I hope this isn't a duplicate, but I couldn't find a fully satisfying answer for this specific problem.
Given a function with multiple list arguments and one iterable, e.g. here with two lists
def function(list1, list2, iterable):
i1 = 2*iterable
i2 = 2*iterable+1
list1[i1] *= 2
list2[i2] += 2
return(list1, list2)
Each list get accesed at different entries therefore the operations are seperated and can be parallized. What is the best way to do this with python's multiprocessing?
One easy way of parallelization would be by using the map-function:
import multiprocessing as mp
from functools import partial
list1, list2 = [1,1,1,1,1], [2,2,2,2,2]
func = partial(function, list1, list2)
pool = mp.Pool()
pool.map(func, [0,1])
The problem is if one does so one produces for every process a copy of the lists (if I understand the map-function right) and work then in parallel at different position in those copies. At the end (after the two iterables [0,1] has been touched) the result of pool.map is
[([3, 1, 1, 1, 1], [2, 4, 2, 2, 2]), ([1, 1, 3, 1, 1], [2, 2, 2, 4, 2])]
but I want
[([3, 1, 3, 1, 1], [2, 4, 2, 4, 2])].
How to achieve this? Should one split the list's by the iterable before, run the specific operations in parallel and then merge them again?
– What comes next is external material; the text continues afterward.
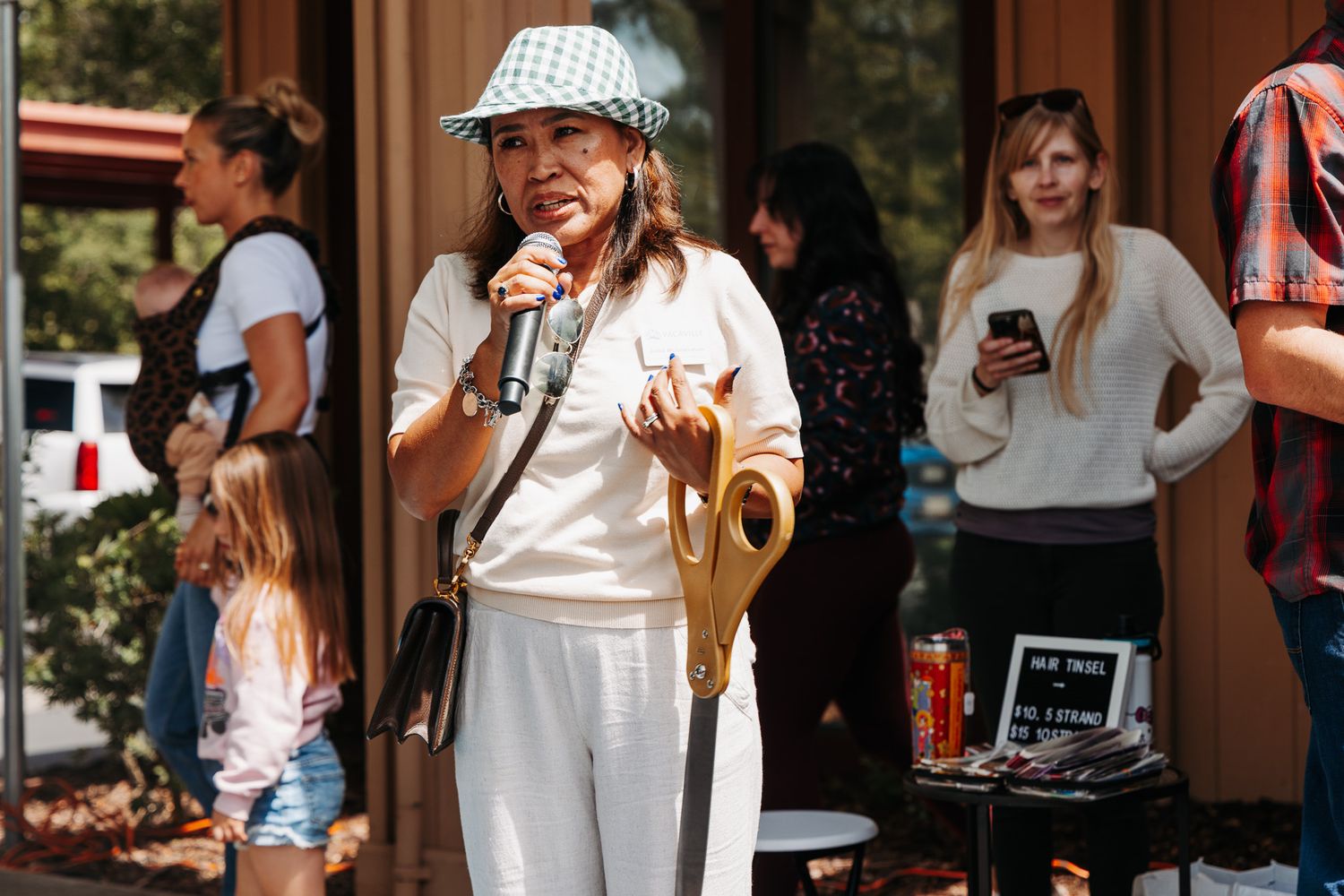 Woman in white outfit and bucket hat speaks into microphone at an outdoor community event.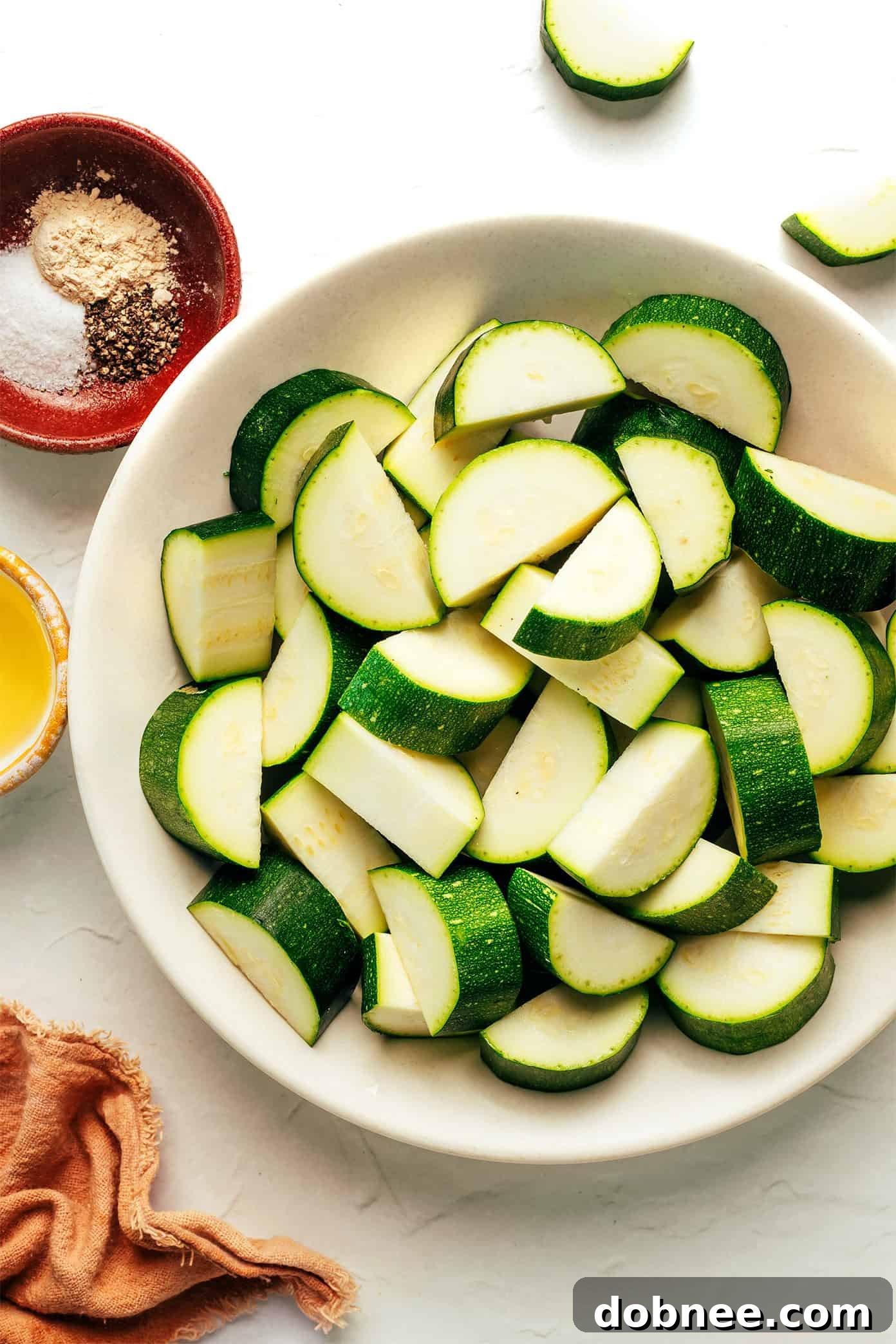Close-up of perfectly air-fried zucchini slices, golden and tender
Thanks in advance and excuse please if I mix something up, I just started to use the multiprocessing-library.
EDIT: Operations on different parts on a list can be parallized without synchronization, operations on the whole list can not be parallized (without synchronization). Therefore a solution to my specific problem is to split the lists and the function into the operations and into parts of the lists. After that one merges the parts of the lists to get the whole list back.